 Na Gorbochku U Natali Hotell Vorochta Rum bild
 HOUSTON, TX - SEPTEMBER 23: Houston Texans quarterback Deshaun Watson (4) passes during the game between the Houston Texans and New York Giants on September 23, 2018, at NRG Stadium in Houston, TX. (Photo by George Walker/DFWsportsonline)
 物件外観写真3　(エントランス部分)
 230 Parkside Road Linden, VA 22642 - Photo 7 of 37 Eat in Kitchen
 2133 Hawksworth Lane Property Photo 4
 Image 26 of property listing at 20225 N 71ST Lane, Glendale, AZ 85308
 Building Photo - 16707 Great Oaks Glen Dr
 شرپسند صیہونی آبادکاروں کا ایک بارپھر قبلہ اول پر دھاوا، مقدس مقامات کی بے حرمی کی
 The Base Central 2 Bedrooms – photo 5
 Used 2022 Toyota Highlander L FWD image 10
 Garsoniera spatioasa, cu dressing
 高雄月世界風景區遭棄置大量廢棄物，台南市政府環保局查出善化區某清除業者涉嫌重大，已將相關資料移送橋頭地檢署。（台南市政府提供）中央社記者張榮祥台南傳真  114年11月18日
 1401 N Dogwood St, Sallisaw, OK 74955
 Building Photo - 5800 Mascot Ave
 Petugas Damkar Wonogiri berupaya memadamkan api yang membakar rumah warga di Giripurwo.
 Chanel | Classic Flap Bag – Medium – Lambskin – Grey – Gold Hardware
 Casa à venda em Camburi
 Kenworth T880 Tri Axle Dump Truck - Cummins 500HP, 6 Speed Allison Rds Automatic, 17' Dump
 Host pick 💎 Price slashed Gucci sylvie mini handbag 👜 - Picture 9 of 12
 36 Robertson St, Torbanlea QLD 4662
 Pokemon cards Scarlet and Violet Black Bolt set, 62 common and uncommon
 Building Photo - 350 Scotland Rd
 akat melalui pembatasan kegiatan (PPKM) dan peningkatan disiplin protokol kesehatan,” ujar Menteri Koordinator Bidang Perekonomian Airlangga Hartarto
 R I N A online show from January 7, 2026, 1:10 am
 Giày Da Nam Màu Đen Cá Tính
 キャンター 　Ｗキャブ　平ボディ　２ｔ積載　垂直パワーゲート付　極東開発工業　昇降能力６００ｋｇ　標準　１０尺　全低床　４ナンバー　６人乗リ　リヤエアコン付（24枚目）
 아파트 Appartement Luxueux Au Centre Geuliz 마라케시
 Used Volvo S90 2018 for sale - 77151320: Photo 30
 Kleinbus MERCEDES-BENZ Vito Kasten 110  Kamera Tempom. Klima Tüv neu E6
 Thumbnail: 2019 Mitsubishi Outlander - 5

════════════════

- Problem to solve -
Only an exact copy of the lines from the beginning of the listing through the line with "物件外観写真3　(エントランス部分)", both included, belongs in the answer.

- Answer for this exercise -
 Na Gorbochku U Natali Hotell Vorochta Rum bild
 HOUSTON, TX - SEPTEMBER 23: Houston Texans quarterback Deshaun Watson (4) passes during the game between the Houston Texans and New York Giants on September 23, 2018, at NRG Stadium in Houston, TX. (Photo by George Walker/DFWsportsonline)
 物件外観写真3　(エントランス部分)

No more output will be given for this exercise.